Work instructions | Give back, word for word, the line that contains "みかん 柑橘 フルーツ 果物" and all lines after it in the material, through the last; please include only these.

[Information shown Boundary: Start]

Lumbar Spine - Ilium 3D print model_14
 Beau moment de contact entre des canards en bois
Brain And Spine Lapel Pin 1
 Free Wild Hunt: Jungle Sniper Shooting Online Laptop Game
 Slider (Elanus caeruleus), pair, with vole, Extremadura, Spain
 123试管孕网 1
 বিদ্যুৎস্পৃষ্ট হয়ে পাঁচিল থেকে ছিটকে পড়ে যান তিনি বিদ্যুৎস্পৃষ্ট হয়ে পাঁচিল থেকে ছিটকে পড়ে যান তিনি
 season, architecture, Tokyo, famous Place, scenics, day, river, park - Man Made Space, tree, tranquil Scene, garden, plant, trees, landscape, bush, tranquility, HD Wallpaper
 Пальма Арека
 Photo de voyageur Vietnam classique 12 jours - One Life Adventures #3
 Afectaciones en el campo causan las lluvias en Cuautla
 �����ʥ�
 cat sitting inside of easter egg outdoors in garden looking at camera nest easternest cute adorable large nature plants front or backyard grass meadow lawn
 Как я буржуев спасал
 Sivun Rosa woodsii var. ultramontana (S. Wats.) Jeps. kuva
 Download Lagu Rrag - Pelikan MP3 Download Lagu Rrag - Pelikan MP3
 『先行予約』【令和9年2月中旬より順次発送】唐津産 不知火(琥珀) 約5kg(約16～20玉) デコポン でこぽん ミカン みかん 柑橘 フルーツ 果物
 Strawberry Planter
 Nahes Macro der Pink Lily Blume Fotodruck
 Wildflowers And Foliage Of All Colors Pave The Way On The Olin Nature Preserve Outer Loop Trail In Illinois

[Information shown Boundary: End]

Written solution |
 『先行予約』【令和9年2月中旬より順次発送】唐津産 不知火(琥珀) 約5kg(約16～20玉) デコポン でこぽん ミカン みかん 柑橘 フルーツ 果物
 Strawberry Planter
 Nahes Macro der Pink Lily Blume Fotodruck
 Wildflowers And Foliage Of All Colors Pave The Way On The Olin Nature Preserve Outer Loop Trail In Illinois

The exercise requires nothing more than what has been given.